所有人都看向她。
十四岁的少女眼中,白色的光芒正在与彩虹色的光晕交织——那是刚才与虹誓、Ω-7三方连接留下的痕迹。她的框架视觉又升级了,现在她能“看到”问题之间的连接线。
“Ω-7是‘情感变量’实验场。”她说,“虹誓是‘逻辑武器’实验场。我是……‘共鸣桥梁’实验场。还有另外四个Ω实验场——根据荒的遗言,Ω编号不是序列,是变量类型。”
她调出自己记忆深处的声音碎片:
荒说:“Ω-7……情感变量……”
林月在技术库留言:“你们要赢,必须创造他们无法理解的新游戏。”
虹誓的武器指令:“当七个实验场共鸣时,摧毁考场监控系统。”
“七个实验场,七种变量。”曹曦的语速加快,“如果Ω计划真的是上古文明设计的‘文明多样性武器库’,那么每个实验场都不是意外,都是针对议会体系某个弱点的‘特化武器’。”
她看向虹誓。
“你的‘逻辑武器’针对的是议会的‘理性至上’体系——用绝对的理性证明理性的局限。”
她指向Ω-7的方向。
“Ω-7的‘情感变量’针对的是议会的‘情感剥离’进化路径——证明情感不是缺陷,是优势。”
她指向自己。
“而我的‘共鸣桥梁’……针对的是议会的‘文明隔离’政策——证明不同文明可以深度理解,而不是只能保持距离的‘文明接触准则’。”
会议室里,思维的火花在碰撞。
“所以,”伽玛-7接上,“如果七个实验场同时觉醒、共鸣,产生的不是物理破坏力,而是……认知革命。是七种完全不同的文明模式,同时证明议会那套‘单一进化阶梯’是错的。”
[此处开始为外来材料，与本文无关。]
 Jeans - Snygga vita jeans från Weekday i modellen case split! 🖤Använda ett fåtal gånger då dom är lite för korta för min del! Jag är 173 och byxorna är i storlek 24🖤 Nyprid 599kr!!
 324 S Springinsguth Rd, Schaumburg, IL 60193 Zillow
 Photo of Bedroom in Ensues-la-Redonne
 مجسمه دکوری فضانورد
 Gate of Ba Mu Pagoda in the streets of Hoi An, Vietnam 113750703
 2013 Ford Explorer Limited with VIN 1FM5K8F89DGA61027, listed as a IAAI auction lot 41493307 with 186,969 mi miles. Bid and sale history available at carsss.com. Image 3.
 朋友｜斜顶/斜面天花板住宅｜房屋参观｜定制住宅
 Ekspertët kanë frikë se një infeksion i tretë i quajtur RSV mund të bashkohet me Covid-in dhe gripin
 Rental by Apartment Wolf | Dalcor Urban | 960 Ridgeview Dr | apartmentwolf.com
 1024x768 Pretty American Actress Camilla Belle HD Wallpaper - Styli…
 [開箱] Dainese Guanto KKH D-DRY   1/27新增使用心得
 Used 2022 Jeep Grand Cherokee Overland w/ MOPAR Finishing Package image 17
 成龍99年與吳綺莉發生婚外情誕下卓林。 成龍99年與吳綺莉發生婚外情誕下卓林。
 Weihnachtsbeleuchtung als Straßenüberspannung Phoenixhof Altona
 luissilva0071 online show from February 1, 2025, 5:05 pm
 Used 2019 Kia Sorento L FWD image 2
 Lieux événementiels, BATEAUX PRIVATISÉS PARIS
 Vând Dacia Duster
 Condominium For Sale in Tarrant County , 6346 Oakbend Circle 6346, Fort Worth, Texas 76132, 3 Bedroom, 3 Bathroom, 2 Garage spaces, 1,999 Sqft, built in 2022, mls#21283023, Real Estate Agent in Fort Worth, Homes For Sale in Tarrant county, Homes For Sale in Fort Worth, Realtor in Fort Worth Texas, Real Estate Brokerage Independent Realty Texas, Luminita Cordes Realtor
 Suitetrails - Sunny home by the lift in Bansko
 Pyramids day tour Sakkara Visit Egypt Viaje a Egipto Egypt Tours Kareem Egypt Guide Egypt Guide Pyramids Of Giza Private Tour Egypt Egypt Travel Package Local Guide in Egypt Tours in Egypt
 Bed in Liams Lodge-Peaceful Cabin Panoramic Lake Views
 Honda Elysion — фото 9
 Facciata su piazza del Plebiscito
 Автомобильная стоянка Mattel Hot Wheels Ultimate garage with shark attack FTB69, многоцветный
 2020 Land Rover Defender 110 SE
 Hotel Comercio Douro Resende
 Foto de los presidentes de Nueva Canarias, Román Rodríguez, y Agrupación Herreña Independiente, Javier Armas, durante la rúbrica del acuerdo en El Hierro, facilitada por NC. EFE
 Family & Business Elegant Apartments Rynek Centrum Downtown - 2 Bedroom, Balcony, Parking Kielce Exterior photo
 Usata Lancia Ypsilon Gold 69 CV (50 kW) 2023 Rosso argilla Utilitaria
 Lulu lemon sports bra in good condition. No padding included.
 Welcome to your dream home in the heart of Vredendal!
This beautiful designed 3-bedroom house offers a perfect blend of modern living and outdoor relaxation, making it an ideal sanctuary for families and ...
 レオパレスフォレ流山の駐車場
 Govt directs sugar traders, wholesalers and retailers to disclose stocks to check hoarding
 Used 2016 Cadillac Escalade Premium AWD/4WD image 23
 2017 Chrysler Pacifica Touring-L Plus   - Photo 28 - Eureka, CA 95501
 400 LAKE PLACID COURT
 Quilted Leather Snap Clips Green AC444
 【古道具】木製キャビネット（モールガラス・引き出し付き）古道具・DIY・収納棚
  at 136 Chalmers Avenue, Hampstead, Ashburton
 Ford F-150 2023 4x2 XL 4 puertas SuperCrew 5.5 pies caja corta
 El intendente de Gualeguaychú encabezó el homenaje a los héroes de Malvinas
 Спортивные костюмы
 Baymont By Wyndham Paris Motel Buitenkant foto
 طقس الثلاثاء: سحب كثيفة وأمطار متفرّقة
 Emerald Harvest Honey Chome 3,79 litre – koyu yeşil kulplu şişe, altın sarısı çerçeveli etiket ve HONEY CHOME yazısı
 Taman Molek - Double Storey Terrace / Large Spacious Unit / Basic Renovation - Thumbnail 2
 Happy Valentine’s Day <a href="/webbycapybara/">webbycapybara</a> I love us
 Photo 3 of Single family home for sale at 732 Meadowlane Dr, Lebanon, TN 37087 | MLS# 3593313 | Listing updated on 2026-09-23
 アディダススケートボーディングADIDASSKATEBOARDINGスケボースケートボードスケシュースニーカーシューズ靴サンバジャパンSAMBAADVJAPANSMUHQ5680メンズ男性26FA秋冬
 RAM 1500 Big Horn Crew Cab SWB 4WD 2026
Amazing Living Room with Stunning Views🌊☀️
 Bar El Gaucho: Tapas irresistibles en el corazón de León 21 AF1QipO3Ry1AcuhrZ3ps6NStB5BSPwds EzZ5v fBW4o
“武器指令的真正目标不是摧毁硬件,”流浪教师眼睛亮了,“是摧毁那套观念的‘软件’——摧毁‘文明必须被认证、被管理’的思想基础。”
“但我们现在只有两个半。”锐牙务实地说,“虹誓算一个,Ω-7算一个,曹曦算半个——蓝星五族还不是纯粹的Ω实验场文明,只是继承了遗产。”
“所以我们需要去Ω-7。”曹曦说,“救他们,然后……邀请他们加入课堂。”
“在六艘歼星舰的包围下?”流浪教师苦笑,“而且四十分钟后,他们就会开火。”
“不需要突围。”曹曦调出星图,“我们需要……传送。”
她指向伽玛-7:“你刚才说,瑟伦可以拖延八分钟。如果我们用这八分钟,启动观星者号上那个‘实验性维度折叠引擎’——不是用来逃跑,而是用来……超远程传送意识信号呢?”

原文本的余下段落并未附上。